Immunofluorescence and microscopy
Cells were fixed with 4% paraformaldehyde in PBS and permeabilized with 0.1% Triton X-100 in PBS. Cells were incubated with primary antibodies for 2 hours, followed by Alexa Fluor secondary antibodies and DAPI staining. Cell imaging was performed at the Centre Regional d'Imagerie Cellulaire de Montpellier. Fluorescence was viewed with a Leica Microscope (Leica DM6000, Wetzlar, Germany) using ×63/1.40-0.60 HCX PL APO grade oil objectives. Images were captured as 16 TIFF files with MicroMax 1300 CCD cameras (RS-Princeton Instruments) driven by the MetaMorph (version 7; Universal Imaging) software. Images were then restored with Huygens deconvolution software (Scientific Volume Imaging) and processed using ImageJ software as indicated.

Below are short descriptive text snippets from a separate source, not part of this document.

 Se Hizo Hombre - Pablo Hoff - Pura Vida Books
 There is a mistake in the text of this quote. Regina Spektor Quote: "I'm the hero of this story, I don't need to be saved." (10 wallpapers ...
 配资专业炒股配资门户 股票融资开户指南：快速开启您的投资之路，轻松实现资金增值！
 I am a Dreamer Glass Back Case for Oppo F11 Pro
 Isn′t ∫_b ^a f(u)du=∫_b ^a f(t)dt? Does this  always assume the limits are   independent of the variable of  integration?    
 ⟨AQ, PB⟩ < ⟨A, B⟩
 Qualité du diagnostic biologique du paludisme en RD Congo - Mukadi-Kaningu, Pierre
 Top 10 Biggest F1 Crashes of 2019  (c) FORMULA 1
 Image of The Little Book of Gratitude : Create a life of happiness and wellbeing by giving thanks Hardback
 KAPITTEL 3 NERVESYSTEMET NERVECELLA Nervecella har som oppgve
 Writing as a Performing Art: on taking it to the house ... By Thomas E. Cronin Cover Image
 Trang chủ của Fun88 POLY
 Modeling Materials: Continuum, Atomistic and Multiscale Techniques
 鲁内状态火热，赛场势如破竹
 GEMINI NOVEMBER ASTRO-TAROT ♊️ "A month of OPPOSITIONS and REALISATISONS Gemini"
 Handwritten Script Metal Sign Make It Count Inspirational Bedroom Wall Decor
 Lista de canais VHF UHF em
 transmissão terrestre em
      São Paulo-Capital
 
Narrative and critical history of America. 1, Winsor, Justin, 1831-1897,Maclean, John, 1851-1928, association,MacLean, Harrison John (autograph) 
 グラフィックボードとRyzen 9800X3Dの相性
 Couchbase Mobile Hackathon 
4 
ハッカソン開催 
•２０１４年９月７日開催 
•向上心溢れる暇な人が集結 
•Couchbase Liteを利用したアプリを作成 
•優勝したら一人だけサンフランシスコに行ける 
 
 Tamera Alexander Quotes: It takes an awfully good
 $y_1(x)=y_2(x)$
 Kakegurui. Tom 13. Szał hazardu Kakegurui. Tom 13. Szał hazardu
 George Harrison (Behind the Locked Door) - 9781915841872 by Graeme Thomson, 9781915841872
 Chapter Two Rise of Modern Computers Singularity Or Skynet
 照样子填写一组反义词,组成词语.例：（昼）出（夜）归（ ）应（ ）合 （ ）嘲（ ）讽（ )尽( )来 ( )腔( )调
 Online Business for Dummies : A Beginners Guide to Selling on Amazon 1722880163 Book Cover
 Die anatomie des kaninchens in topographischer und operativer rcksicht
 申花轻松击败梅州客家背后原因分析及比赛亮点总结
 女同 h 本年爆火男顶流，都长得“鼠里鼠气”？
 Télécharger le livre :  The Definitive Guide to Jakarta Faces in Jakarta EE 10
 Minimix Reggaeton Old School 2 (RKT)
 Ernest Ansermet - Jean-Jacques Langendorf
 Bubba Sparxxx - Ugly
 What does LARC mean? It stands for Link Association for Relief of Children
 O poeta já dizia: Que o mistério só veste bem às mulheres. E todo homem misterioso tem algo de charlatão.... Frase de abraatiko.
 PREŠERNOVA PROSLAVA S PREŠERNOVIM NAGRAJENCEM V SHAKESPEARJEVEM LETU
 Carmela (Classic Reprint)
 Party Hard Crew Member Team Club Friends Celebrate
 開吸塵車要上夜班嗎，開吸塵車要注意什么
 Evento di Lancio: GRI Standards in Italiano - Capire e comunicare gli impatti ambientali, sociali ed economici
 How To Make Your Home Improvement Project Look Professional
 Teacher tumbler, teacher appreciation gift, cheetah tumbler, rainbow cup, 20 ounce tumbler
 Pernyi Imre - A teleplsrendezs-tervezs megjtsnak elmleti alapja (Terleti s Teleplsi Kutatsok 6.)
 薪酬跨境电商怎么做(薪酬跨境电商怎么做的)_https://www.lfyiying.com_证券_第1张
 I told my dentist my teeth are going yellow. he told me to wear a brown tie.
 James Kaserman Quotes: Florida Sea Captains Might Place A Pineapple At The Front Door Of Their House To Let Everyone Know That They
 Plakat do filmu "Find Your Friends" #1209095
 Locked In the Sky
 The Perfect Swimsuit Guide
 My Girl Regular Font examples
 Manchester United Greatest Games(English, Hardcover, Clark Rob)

All quantitative data are presented as means ± s.e.m. Statistical analysis to determine significance was performed using Student's t-tests. Differences were considered to be statistically significant at P<0.05.
We are grateful to A. Saltiel, A. Blangy, E. Bertrand, C. Mettling and P. Vaudin for the gifts of the TC10 vectors, MBP-TC10, pCDNA3Myc-RfC and lentiviral destination vectors, respectively. We thank D. Mathieu and A. Debant for the gifts of anti-Myc mAb and GST antiserum. We would like to thank the tissue bank for research (MYOBANK-AFM) of the Association Française contre les Myopathies (AFM) for generously providing human muscle biopsies. This work was supported by grants to A.P. from the AFM. M.C.-Q. and O.T. were supported by the AFM and the Agence Nationale de Recherche contre le Sida (ANRS), respectively.